Following on from my article earlier this week on how London businesses and retailers are going to be stung when the 2017 business rates revalution kicks in, it's interesting to see a new report out this week that estimates what the cost was to our region due to the postponement.

According to new research the Government's two-year deferment of the business rates revaluation has cost North West businesses hundreds of millions in much-needed capital as it slowly recovered from the 2008 economic crisis.

The review published in the Manchester Evening News calculated what the 2015 revaluation would have looked like if it had taken place when it was originally due on April 1 and compares this to what businesses will instead have to pay over the course of the deferment. Without the revaluation, the total of Rateable Values in the region would have fallen from £6.68bn to £5.27bn – a fall of 21 per cent.

The impact on North West ratepayers would have been an estimated easing of regional business rates of approximately £682m. The report also said that in the same period London businesses will actually benefit by more than £1.5bn but will be hit hard – a fact I clarified in my last article – when the deferred revaluation is implemented in 2017.

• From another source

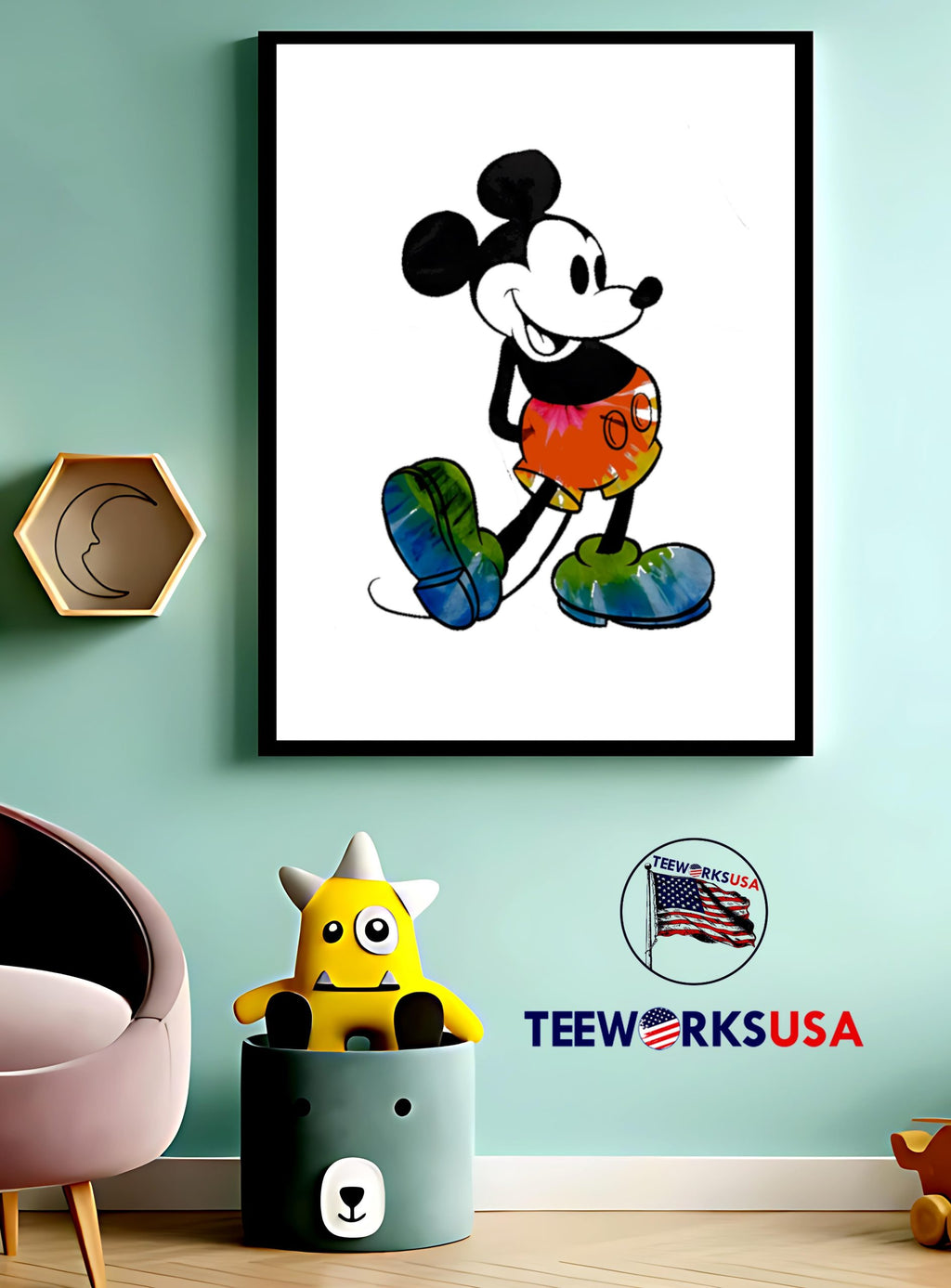 Colorful Tie Dye Mickey Mouse Retro Cartoon Smile - Adult & Kids T-Shirts, Sweatshirts & Hoodies apparel design preview 3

This is a very old drum which I have been banging for many years now but it has taken a General Election and promised Business Rates review to get the issue to the top of the political agenda. Current rating liabilities are valued against the backdrop of the market in April 2008, just before the onset of the economic downturn, and even now some regions have yet to return to pre-2008 levels and workable liquidity. Greater Manchester and surrounding areas have seen some level of recovery and it is great to see life return to the property market but there are still many hard hit smaller northern towns that are struggling and don't have the political profile or geographical position to be able to claw their way back quite so quickly.

There is a very unhealthy disconnect at the moment between business rates and business reality across the country and we're not going to see that remedied for another two years – and that is assuming the new tenants at No 10 and No 11 Downing Street don't come up with another bright idea to give businesses more "certainty" over their business rates. The only certainty it gave north west businesses was higher rates bills for a further two years.